Further critiques condemn Eve Ensler, playwright of “The Vagina Monologues” and founder of V-Day, a “global activist movement to end violence toward women and girls” through performances of “The Vagina Monologues,” large-scale benefits, campaigns, educational tours, films and more activities.
For example, in John Hembling’s 2011 piece for “A Voice for Men,” he attacks Ensler’s frivolousness with the word rape, her carelessness in citing her numbers, and her violation of the principal “Expressio Unius Est Exclusio Alterius,” meaning “expression of the part excludes consideration of the whole.” Hembling argues that Ensler should not talk about rape while excluding the fact that “twice as many men are raped in American prisons than women are raped in the entire United States” and that “men are routinely raped in wars on the African continent.”

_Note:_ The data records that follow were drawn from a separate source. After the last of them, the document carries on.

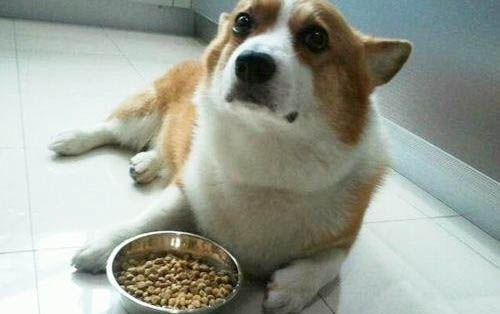 狗狗需要打狂犬疫苗嗎?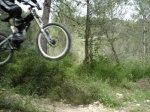 vicent 016.jpg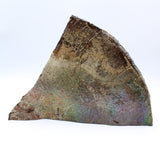 Polished Ammolite Specimen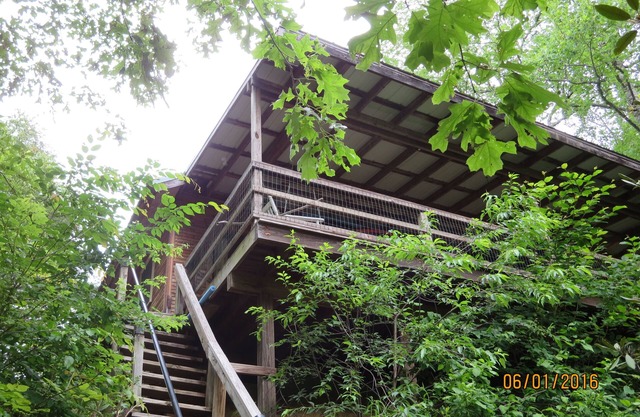 Clearwater Cabin On the South Toe River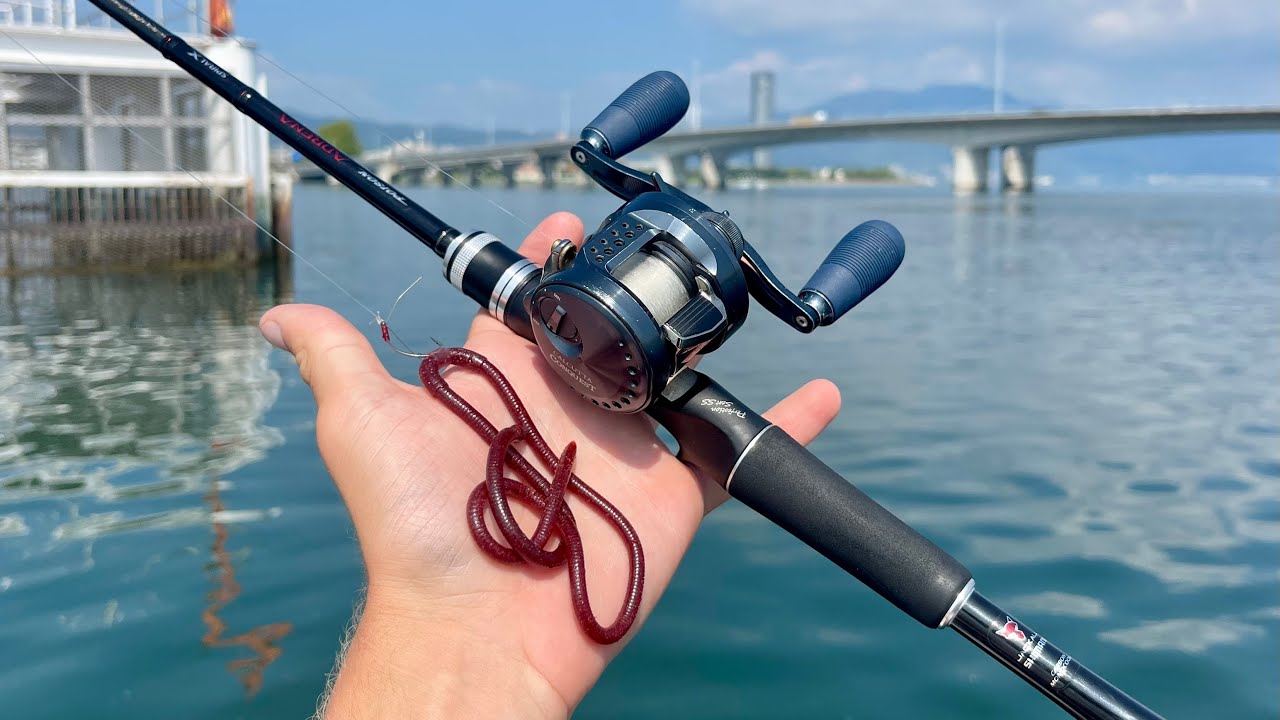 The Reality Of Fishing In Japan
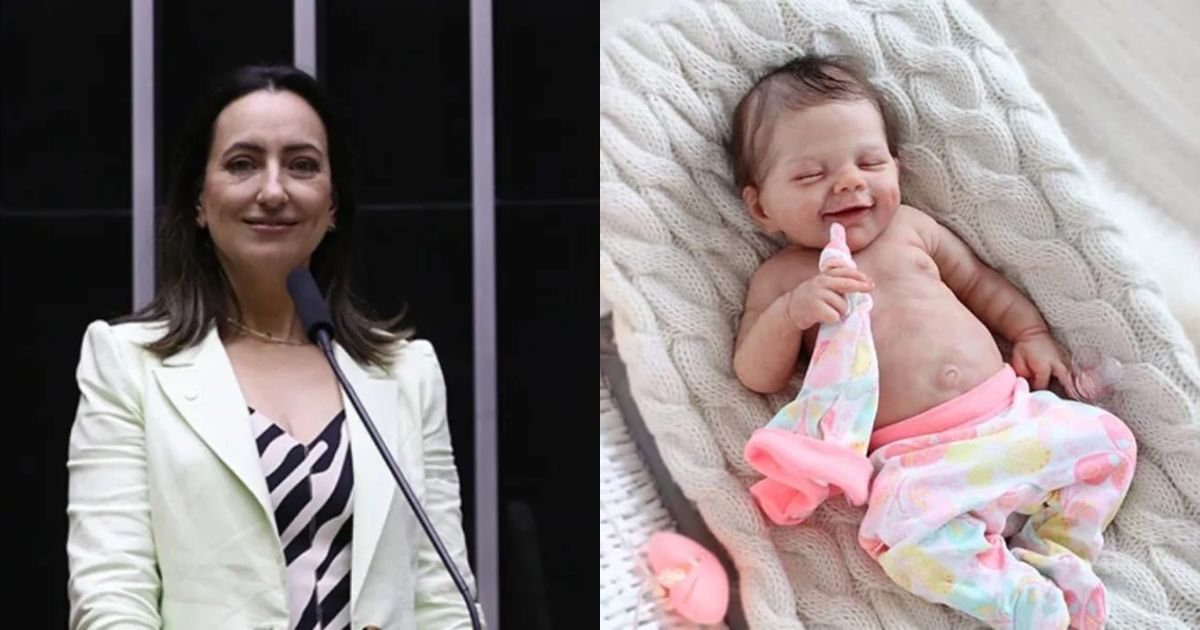 Rosângela Moro propõe atendimento no SUS para pais de bebê reborn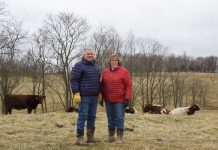 Turner Shorthorns relies on conservation to farm over former silica mine A man in a blue coat and a woman in a red coat stand in a pasture with several shorthorn cattle in the background.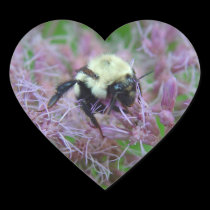 Love Wildlife Stickers - Bumble Bee on Gravelroot stickers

These tensions become more relevant as energy amplifies approaching Feb. 14, a day many Americans celebrate as dutiful capitalists (and romantics and lovers) and the day that Ensler and many feminists around the world have been celebrating as V-Day (V for victory, vagina, valentine) since 1998.
This year, V-Day has launched the One Billion Rising (OBR) campaign to honor its 15th anniversary. Leading the movement is the motto, “One billion women violated is an atrocity. One billion women dancing is a revolution.”
According to its website, onebillionrising.org, OBR is “A global strike;?An invitation to dance;?A call to men and women to refuse to participate in the status quo until rape and rape culture ends;?An act of solidarity, demonstrating to women the commonality of their struggles and their power in numbers;?A refusal to accept violence against women and girls as a given;?A new time and a new way of being.”
There will be three “risings” taking place in Toledo this V-Day:
- UT Rising Up! — frpm noon to 1 p.m., Feb. 13, UT Thimble Lounge;
- Rising at the Rock! — 5:30 p.m. Feb. 14, Sanger Branch Library (front lawn);
- A Day of Rising at Elizabeth’s House — from noon to 3 p.m. Feb. 14, Elizabeth’s House.
Valentine’s Day originates as the eve of Lupercalia, the Pagan Roman festival of fertility, yet across the centuries has come to include many variations. Across the board, however, Valentine’s Day is a symbol of love. The V-Day efforts may have some holes, but they can be filled with cooperation, understanding and education to end rape, brutality, mutilation and abuse of all genders, and create a global status quo of love. Do your part.